5     Future Expansion

       There are several avenues open for future expansion.

5.1     DependencyRange trees or quad-trees

        Accelerating the range search will give big speedups on large sheets.
The current row based bucketing approach seems to work nicely, but could be
augmented by using trees or quad trees to handle containment better.

5.2    Multi-threading,

       With the current structure, it might well be possible to add multi-
threading support to the evaluation engine. The structure of this would take
advantage of the partitioning already provided by the sheet boundary. To do
this it would be necessary to move the eval_queue to a per-sheet entity, and
putting a locking / signaling mechanism on the queue such that inter-sheet
dependencies could be prepended to the queue (thus ensuring rapid
evaluation), and waited on safely.
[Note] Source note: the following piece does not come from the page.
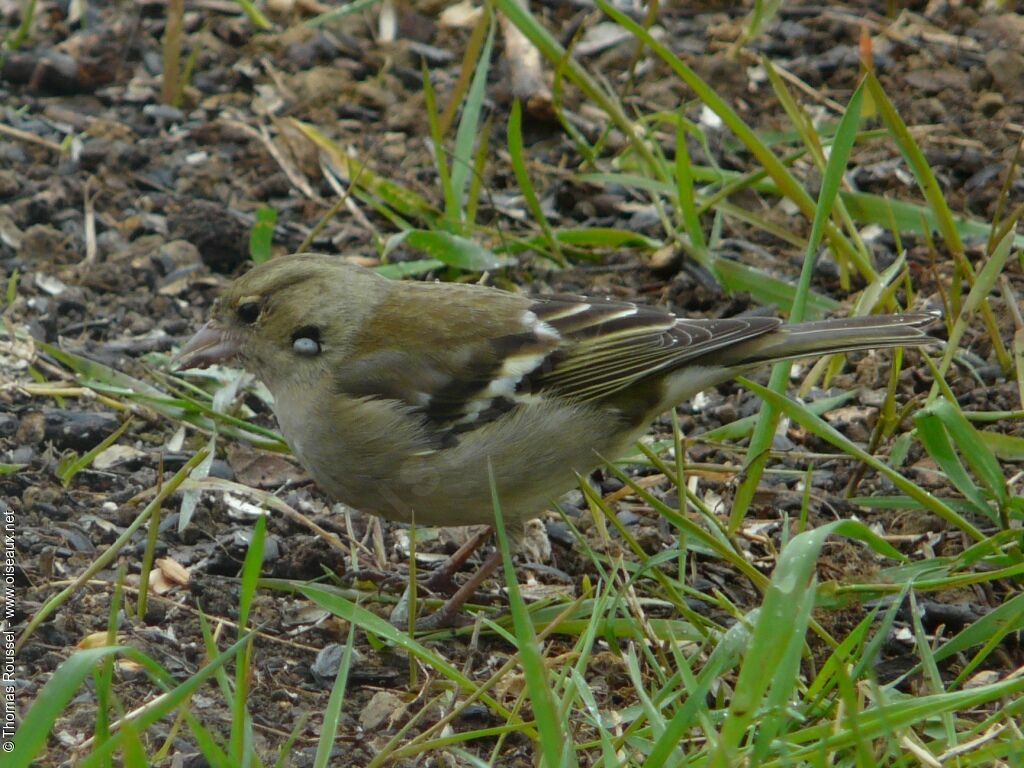 Common Chaffinch female adult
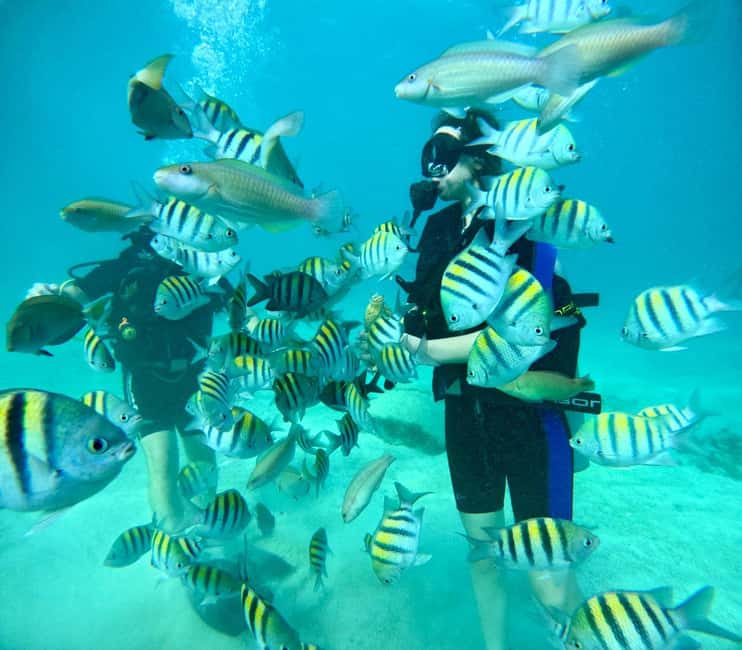 Bávaro: Scuba Diving Experience for Beginners - From Bávaro to the water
Since each cell is evaluated but once
per re-calc, it would then be safe to read the Cell's value when it dissapeared
from the eval_queue.

5.3    GnmExpr recursion

       Whether it is always entirely necessary to re-evaluate a cell solely
on the basis that it is in the GnmExpr is non-obvious to me. Clearly if this
cell is in the dependency queue it would make perfect sense, however if there
is as yet no chance that this cell has been changed, it makes little sense
to re-calculate it (and its tree'd dependencies). The only problem here is
determining whether any of the currently queued dependencies would alter this
cell's dependencies.